▶ [Given entries]
- Opening Delimiter -

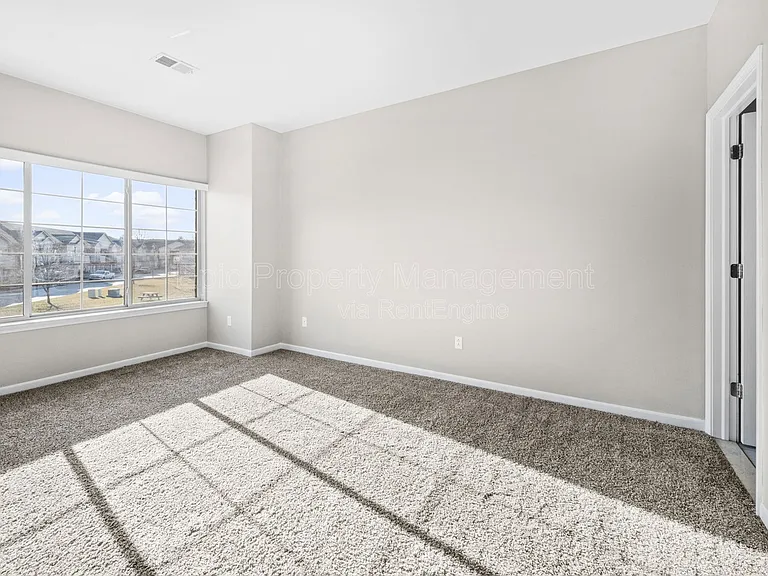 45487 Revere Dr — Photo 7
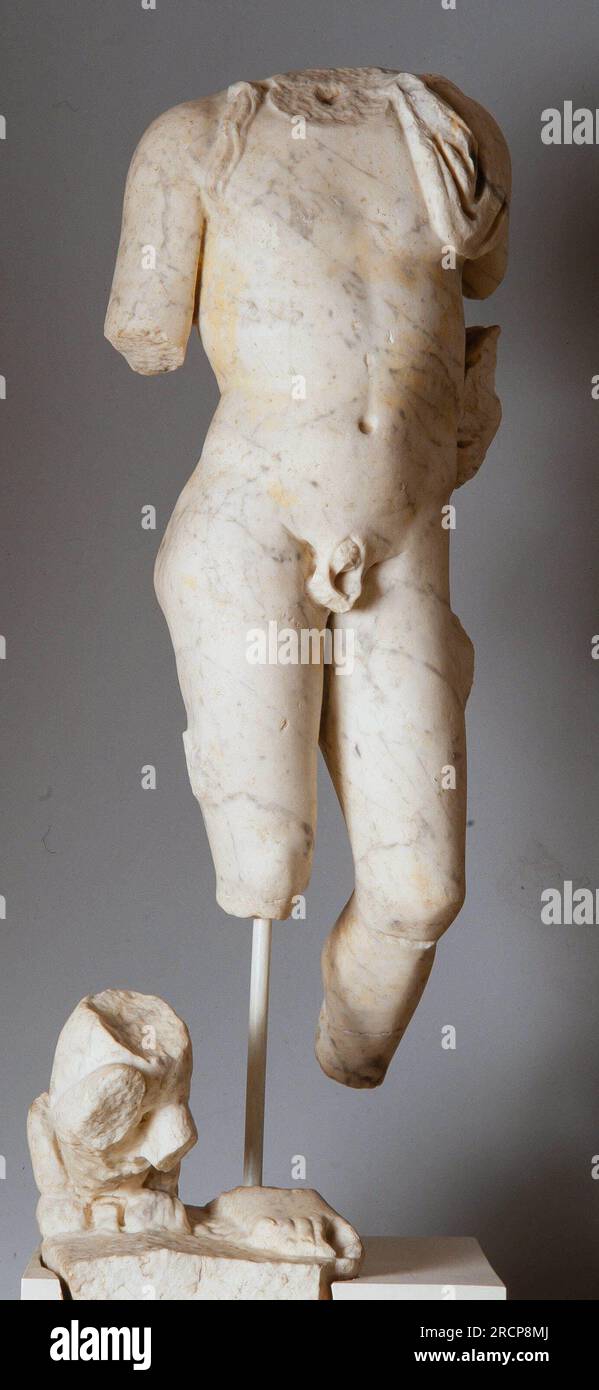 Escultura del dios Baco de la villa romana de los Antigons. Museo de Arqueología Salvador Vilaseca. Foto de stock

- Closing Delimiter -
- Opening Delimiter -

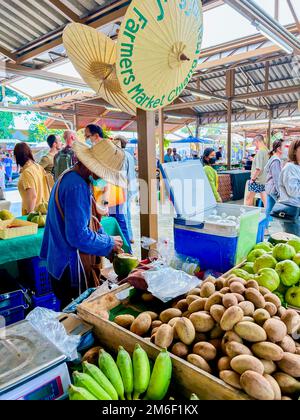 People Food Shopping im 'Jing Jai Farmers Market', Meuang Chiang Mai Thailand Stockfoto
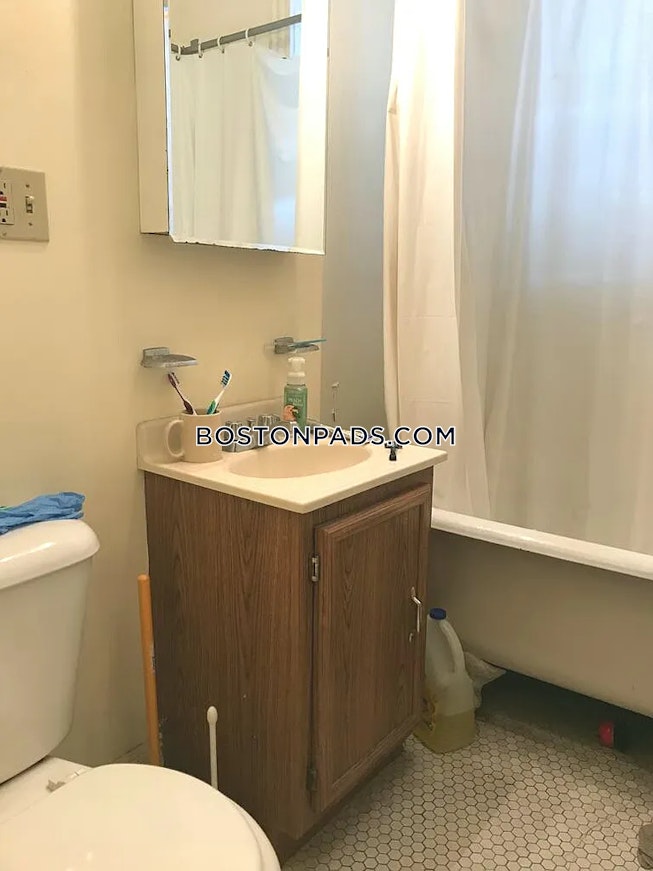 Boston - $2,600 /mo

- Closing Delimiter -
- Opening Delimiter -

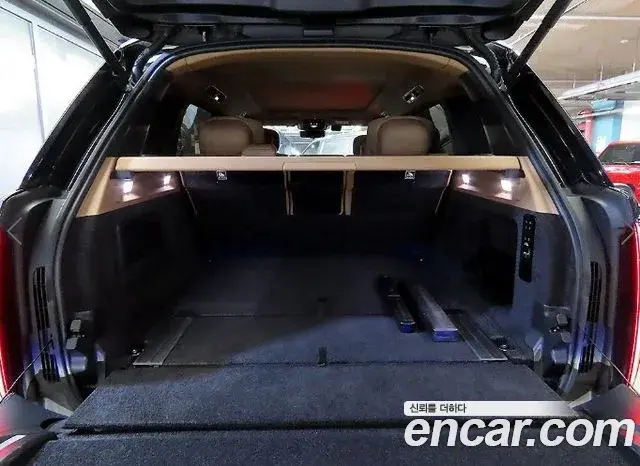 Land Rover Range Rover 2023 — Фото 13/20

- Closing Delimiter -

Restate word for word the lines of the data above that begin at the line with "45487 Revere Dr — Photo 7" and end at the line with "Escultura del dios", keeping both ends and dropping every picture.

 45487 Revere Dr — Photo 7
 Escultura del dios Baco de la villa romana de los Antigons. Museo de Arqueología Salvador Vilaseca. Foto de stock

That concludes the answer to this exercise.